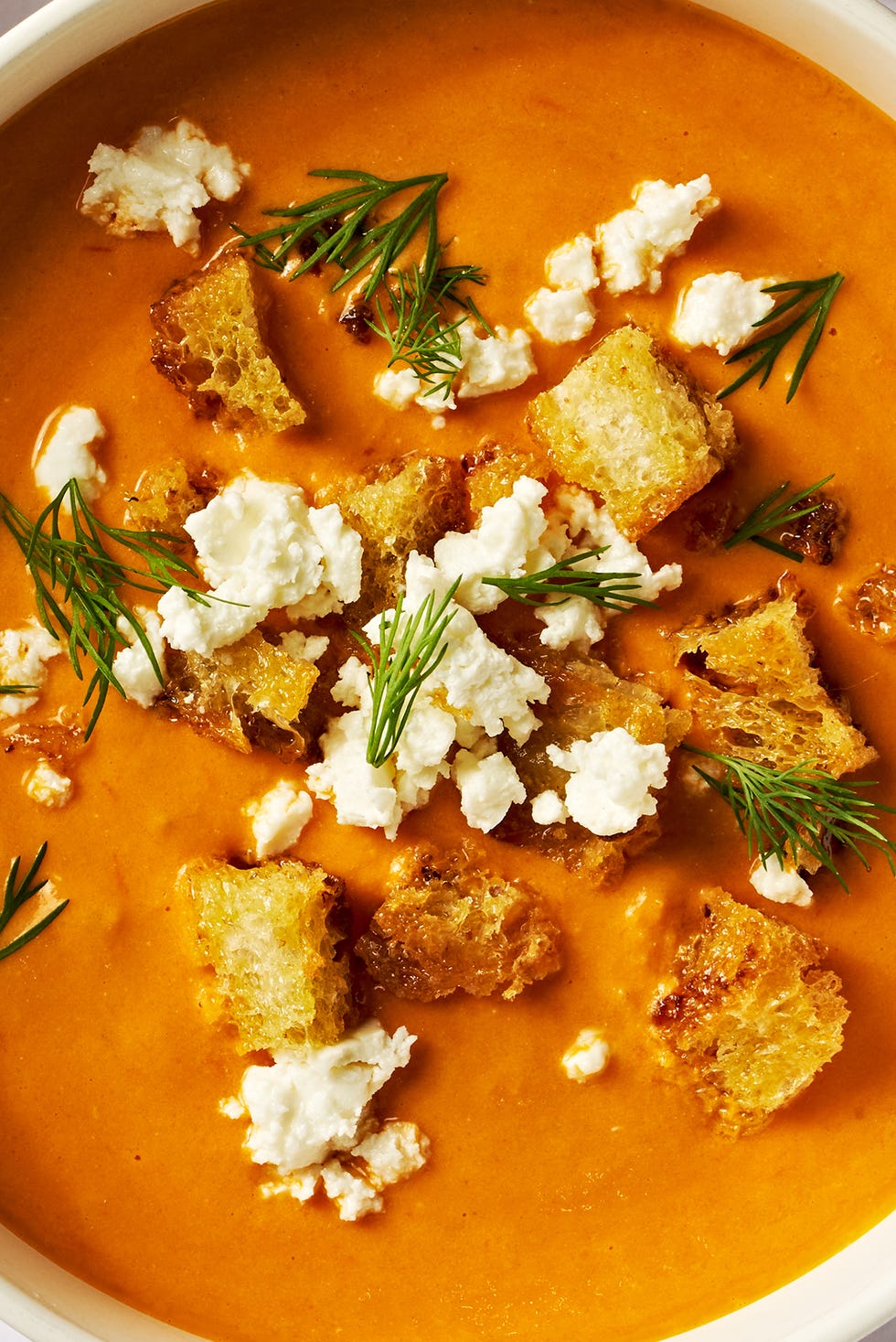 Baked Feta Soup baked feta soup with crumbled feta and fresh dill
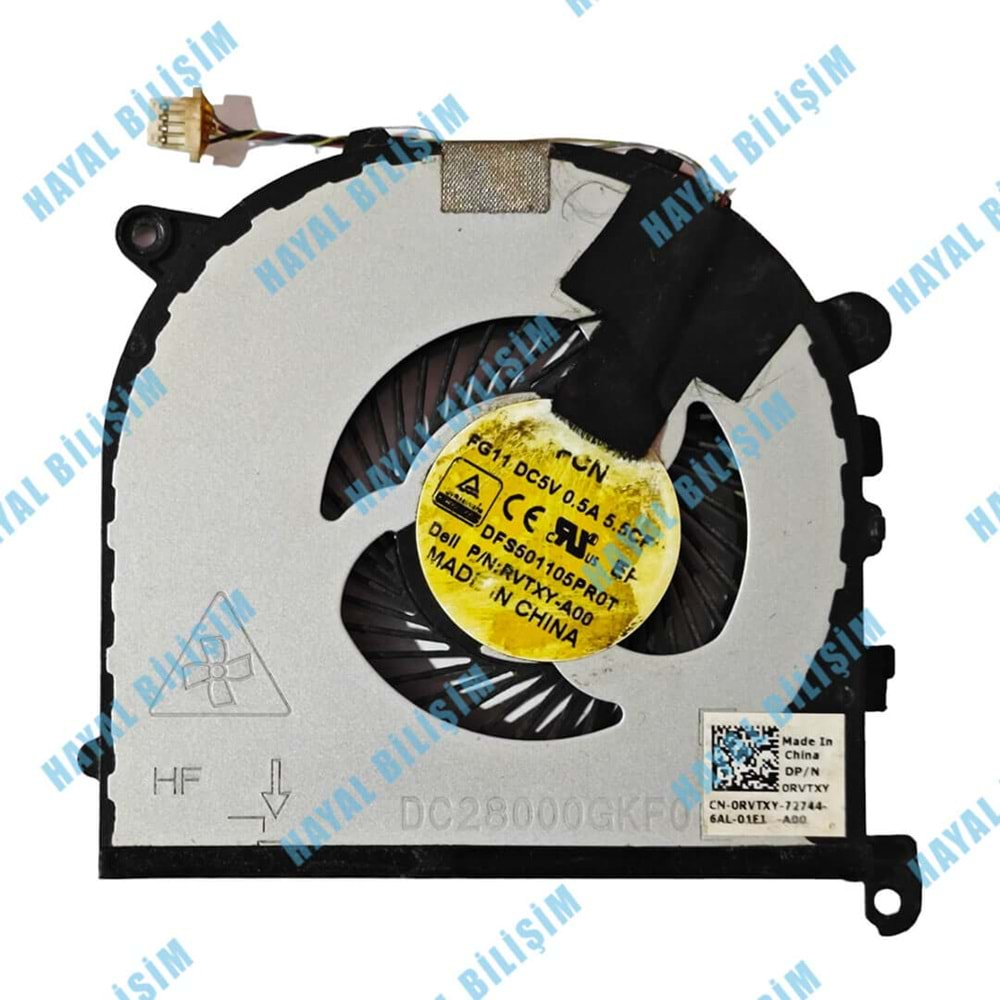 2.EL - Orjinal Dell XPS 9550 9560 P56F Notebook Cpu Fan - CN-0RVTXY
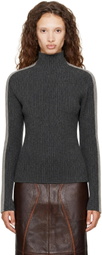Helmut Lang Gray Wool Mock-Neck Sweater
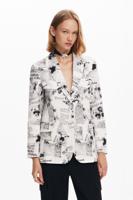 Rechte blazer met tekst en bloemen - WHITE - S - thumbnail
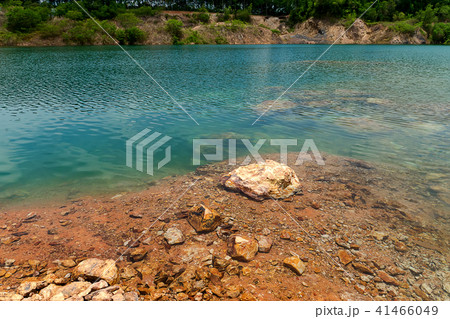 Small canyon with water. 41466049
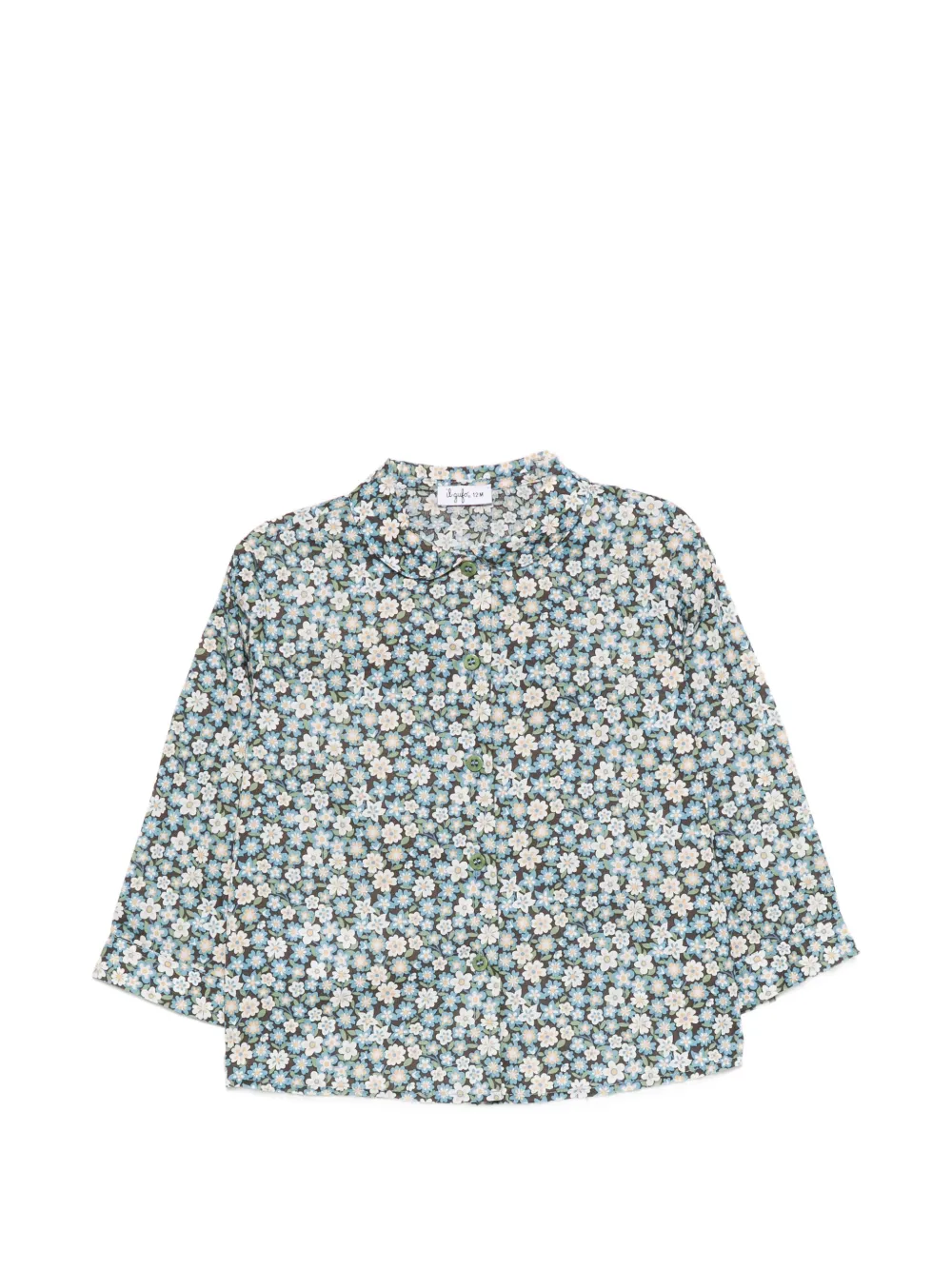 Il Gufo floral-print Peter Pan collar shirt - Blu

------------------------

# What is needed:
Write out the data above precisely. Pictures stay out.

# Response area:
 Baked Feta Soup baked feta soup with crumbled feta and fresh dill
 2.EL - Orjinal Dell XPS 9550 9560 P56F Notebook Cpu Fan - CN-0RVTXY
Helmut Lang Gray Wool Mock-Neck Sweater
 Rechte blazer met tekst en bloemen - WHITE - S - thumbnail
 Small canyon with water. 41466049
 Il Gufo floral-print Peter Pan collar shirt - Blu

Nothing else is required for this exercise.